◆ What you will do ◆
Take the line containing "Brown Ships FedEx!" and all lines after it, through the end of the material, and repeat them exactly, pictures left out.
(Beginning of Records)
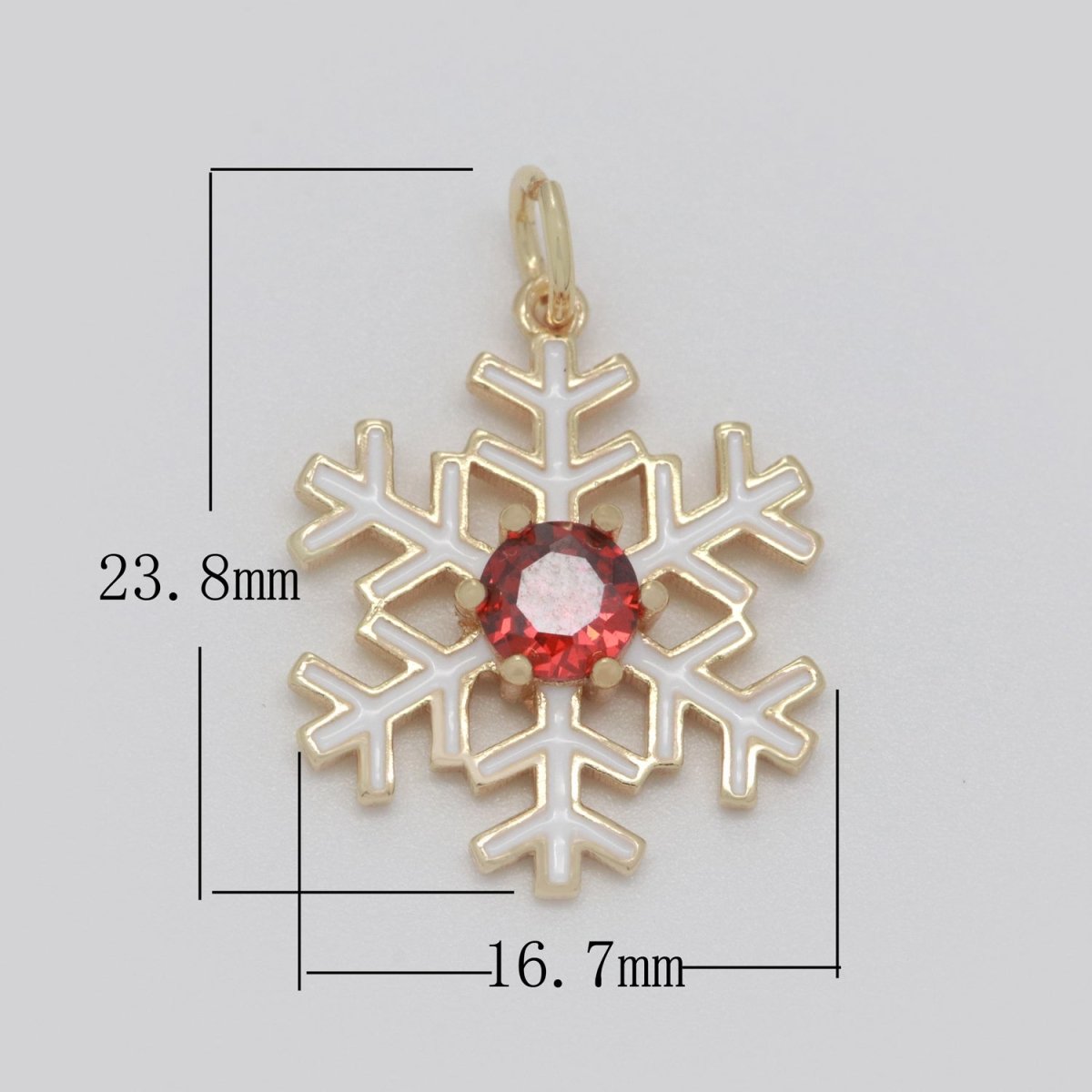 14k Gold Filled 24x16.5mm Wholesale Gold Snowflake Pendant with Red Cubic Zirconia Stone Pendant for Necklace Bracelet Earring Making M-719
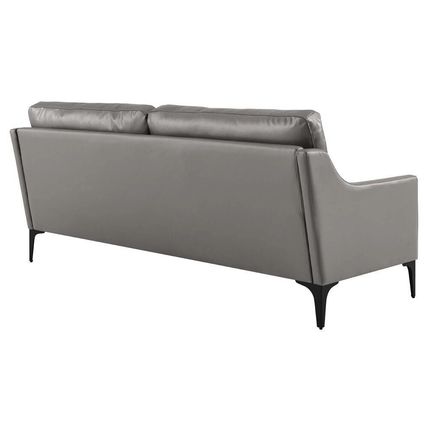 74.5" Wide Mid-Century Sofa Supple Genuine Leather Tan, Gray, Brown Ships FedEx!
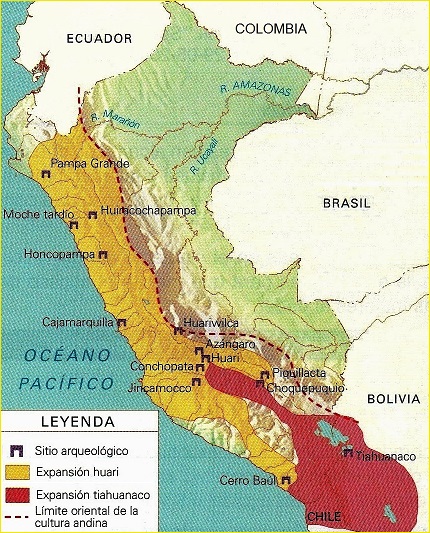 Ubicación geográfica de la cultura Huari. Se muestra también el área de influencia Tiahuanaco.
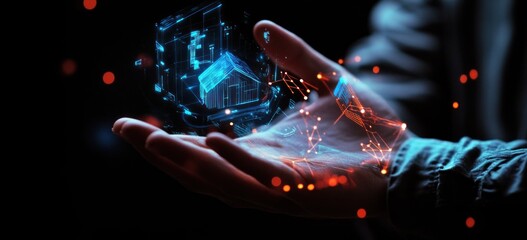 Poster - Hand holding 3D hologram house.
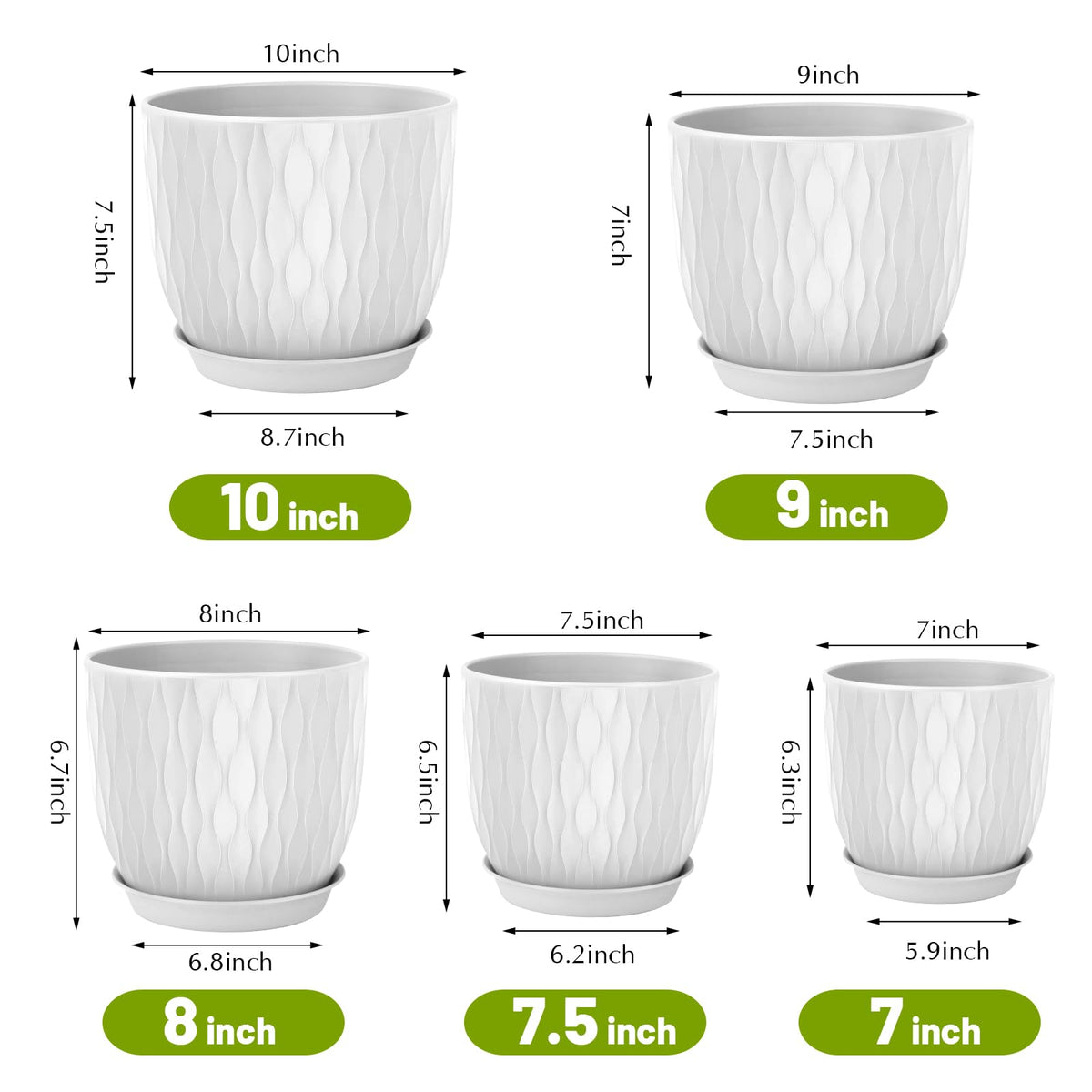 LESOASIS 9-inch plant pot showcasing ripple texture for modern decor.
(End of Records)
◆ Exercise output ◆
 74.5" Wide Mid-Century Sofa Supple Genuine Leather Tan, Gray, Brown Ships FedEx!
 Ubicación geográfica de la cultura Huari. Se muestra también el área de influencia Tiahuanaco.
 Poster - Hand holding 3D hologram house.
 LESOASIS 9-inch plant pot showcasing ripple texture for modern decor.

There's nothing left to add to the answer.